Нет ничего удивительного, что в мартовском номере 2020 года светский аналитический ежемесячник Tatler выпустил колонку, посвященную карго-культивированию зарубежных терминов FOMO (fear of missing out) и JOMO (joy of missing out). Мол, страх пропустить что-то классное сменился радостью, что ты пропустил что-то, что другие считают классным, но ты уже тертый калач и знаешь точно, что не пропустил ничего. Как раз к моменту выхода этого текста в свет коронавирус захватил мир, и все отправились на карантин проверять свое JOMO на прочность. Эксперимент, конечно, не чистый: до поры до времени каждый сидел дома с гарантией, что ничего не пропускает. И все-таки как бы ни сетовали светские львицы на непомерную загруженность вечеринками до локдауна, от его объявления до первого инстаграм-челленджа типа «смотрите, как я в вечернем платье и лучших бриллиантах выношу мусор» прошло не больше недели.
Дальше онлайн начал стремительно воспроизводить формы активности, к которым мы привыкли в офлайне, будь то тренировка или поход в музей. Светских увеселений эта тенденция тоже коснулась. Ежевечерне инстаграм и другие соцсети заполнялись свидетельствами званых ужинов, прямыми эфирами с интервью или лекциями. Светские фотографы овладели техниками удаленных репортажных съемок, популярные шефы придумали, как подать ужин из семи перемен на сто персон через курьеров, ведущие благотворительных аукционов научились строго и озорно смотреть в глаза каждому потенциальному жертвователю через объектив камеры на ноутбуке. Как только ограничения ослабили, герои светских хроник кинулись встречаться, хотя до этого уверяли, что им и онлайн очень друг с другом хорошо.
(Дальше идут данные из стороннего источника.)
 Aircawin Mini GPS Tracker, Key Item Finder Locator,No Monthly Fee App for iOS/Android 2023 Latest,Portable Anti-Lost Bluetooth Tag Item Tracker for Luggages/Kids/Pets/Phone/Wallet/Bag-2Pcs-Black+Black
В июле и августе стало очевидно, что каникулы сильнее любых других обстоятельств: почти ничего не случалось в Москве, все фигуранты разлетелись. Упрямые — в Европу, оптимисты — в российские регионы. Зато уже с начала сентября и до новых пиков заболеваемости график светских мероприятий если не дотянулся до благостного 2007-го, то точно вышел на докрымский уровень. Когда статистика заболевших за сутки стала превышать весеннюю, светские собрания стали компактнее и тише, но, если кто-то пытался снова устроить зум-вечеринку, она проходила с кромешным неуспехом. Хотя понятно, что, если нас снова совсем закроют, в онлайне снова что-нибудь придумают. В общем, как бы свысока к светской жизни ни относились абсолютно все — и те, кто ею живут, и те, кто ее игнорируют, и те, кому она недоступна,— она, как выяснилось, совершенно необходима и непобедима.